Punctuation is ignored in phrase searches. Even if the source text uses a comma between words and the query uses a period, it still matches.

Natural language search

-- Keyword match with AND/OR: requires 'shandong' AND 'university', OR contains 'culture'
SELECT * FROM wiki_articles
        WHERE TEXT_SEARCH(content, '(shandong AND university) OR culture', 'natural_language') > 0;

-- Result
 id |                               content
----+---------------------------------------------------------------------
  8 | ShanDa is a famous university in Shandong.
  7 | Shandong has dozens of universities.
  3 | He graduated from the department of physics at Shandong University.
  6 | In 2006, the Spring Festival was approved by the State Council as part of China's first batch of national intangible cultural heritage.
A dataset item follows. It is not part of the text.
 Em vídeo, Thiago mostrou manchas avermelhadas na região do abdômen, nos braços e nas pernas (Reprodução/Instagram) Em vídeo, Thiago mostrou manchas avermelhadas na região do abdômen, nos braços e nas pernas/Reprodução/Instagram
-- Required (+) and excluded (-) terms, with optional boosting term
-- Must contain 'shandong', must not contain 'physics', and may contain 'famous' (boosts score)
SELECT id,
       content,
       TEXT_SEARCH(content, '+shandong -physics famous', 'natural_language') as score
FROM wiki_articles
WHERE TEXT_SEARCH(content, '+shandong -physics famous', 'natural_language') > 0
ORDER BY score DESC;

-- Result
 id |                     content                      |  score
----+--------------------------------------------------+----------
  8 | ShanDa is a famous university in Shandong.       |  2.92376
  7 | Shandong has dozens of universities.             | 0.863399
  2 | Li was born in 1962 in Wendeng County, Shandong. | 0.716338

-- Phrase search using double quotes
SELECT * FROM wiki_articles
        WHERE TEXT_SEARCH(content, '"shandong university"', 'natural_language') > 0;

-- Match all documents
SELECT * FROM wiki_articles
        WHERE TEXT_SEARCH(content, '*', 'natural_language') > 0;

Term search

-- Exact match: 'Spring Festival' exists verbatim in the index
SELECT * FROM wiki_articles
         WHERE TEXT_SEARCH(content, 'Spring Festival', 'term') > 0;

-- Result
 id |                                           content
----+----------------------------------------------------------------------------------------------
  4 | The Spring Festival, also known as the Lunar New Year, is China''s most important traditional festival.
  5 | The Spring Festival usually falls between late January and mid-February on the Gregorian calendar. ...
  6 | In 2006, the Spring Festival was approved by the State Council as part of China''s first batch of national intangible cultural heritage.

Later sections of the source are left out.